Was Jüngere im Ausland über den Holocaust wissen

Es steht schlecht um den Wissensstand über den Holocaust: Laut einer neuen Studie der Jewish Claims Conference in den Niederlanden sind Unwissen und Lügen über die Shoah weit verbreitet. 53 aller Befragten und 60 Prozent der Jüngeren sagen, der Holocaust habe nicht in den Niederlanden stattgefunden – und dies, obwohl 70 Prozent der jüdischen Bevölkerung der Niederlande deportiert worden ist.
Befragt wurden insgesamt 2000 Menschen ab 18 Jahren. Fast ein Viertel (23 Prozent) der niederländischen Millennials und der Generation Z glaubt, dass der Holocaust ein Mythos sei oder die Zahl der sechs Millionen getöteten Juden stark übertrieben werde. Die Wissenslücken sind also enorm.
Studien der Jewish Claims Conference in den USA, Kanada und Frankreich hatten ebenfalls große Informationsdefizite offenbart. Die Zahl der Befragten, die den Holocaust für einen Mythos halten, ist in den Niederlanden aber höher als in jedem anderen zuvor untersuchten Land.
Rüdiger Mahlo, Repräsentant der Jewish Claims Conference (JCC) Deutschland, nennt als Erklärung den fehlenden familiären Bezug der jüngeren Generationen zum Holocaust. Gleichzeitig stellt er die Frage, „ob wir es mit einer Generation zu tun haben, die unkritisch Quellen gegenübersteht, und nicht mehr unterscheiden kann, ist das wirklich Fakt und Wahrheit.“
Fakten hätten keine verbindliche Rolle mehr, alles sei eher Meinung. So besteht die Befürchtung, dass Geschichtslügen auf fruchtbaren Boden fallen.

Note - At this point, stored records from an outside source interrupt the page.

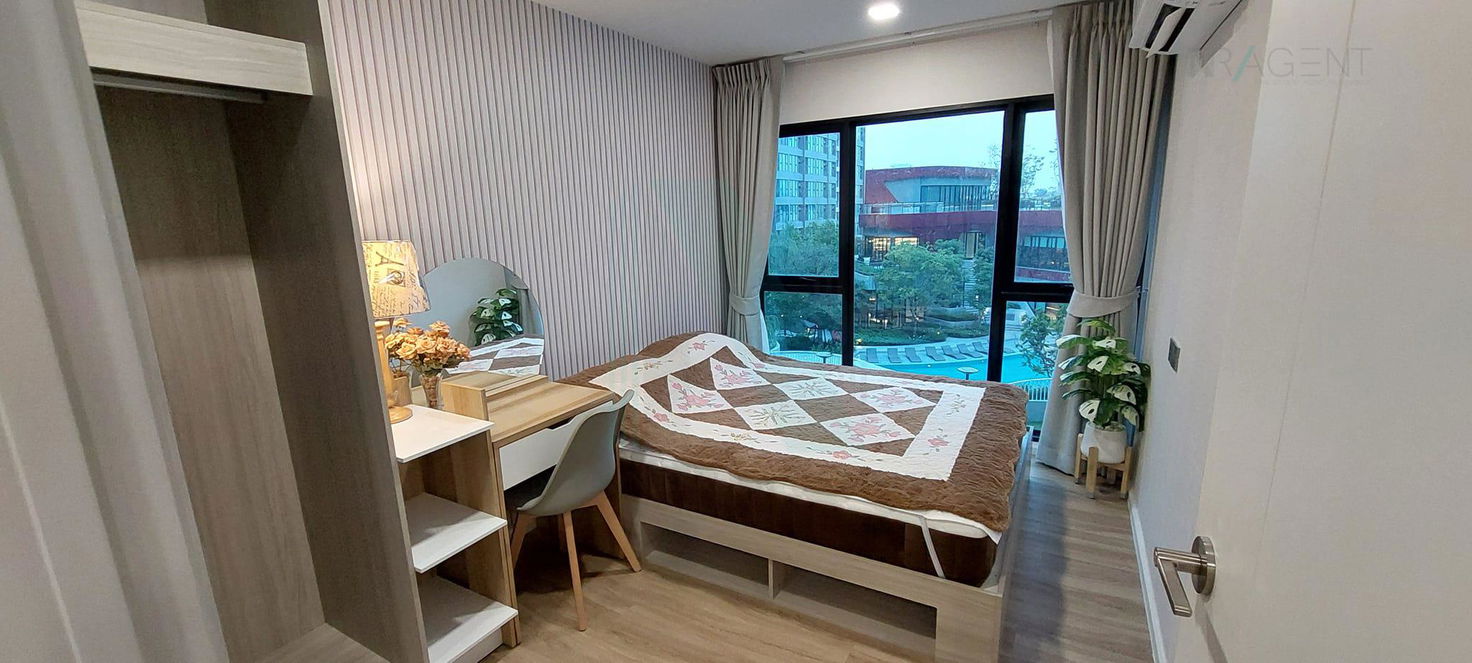 picture ð For Rent Condo ATMOZ FLOW MINBURI Building A, Floor 4,1 bed room, Room size 29.00 sqm - 3/8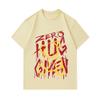 Men's 100% Cotton Crew Neck Short Sleeve T-Shirt, Casual Graffiti Zero Hug Smile Print Soft Breathable Streetwear Tee for Daily Wear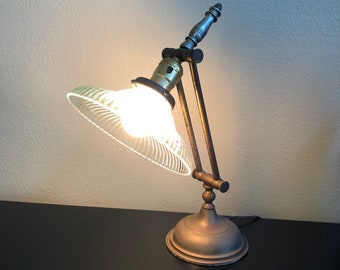 vintage metal desk lamp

Jüngere Deutsche und ihr Wissen um NS-Geschichte

Der Trend, dass jüngere Generationen weniger über den Holocaust wissen, gilt auch hierzulande, sagt Rüdiger Mahlo von der JCC. Das Interesse jedoch ist hoch. Die Generation Z interessiert sich deutlich mehr für die NS-Zeit als die Generation ihrer Eltern (75 Prozent bei den Jüngeren/66 Prozent bei den Eltern).
Das ist zentrales Ergebnis einer Studie aus dem Januar 2022 im Auftrag der Arolsen Archives. Das internationale Zentrum über NS-Verfolgung hat das weltweit umfassendste Archiv zu den Opfern und Überlebenden des Nationalsozialismus. Die Studie sollte herausfinden, mit welchen Mitteln man die Generation Z heute für die NS-Zeit interessieren soll.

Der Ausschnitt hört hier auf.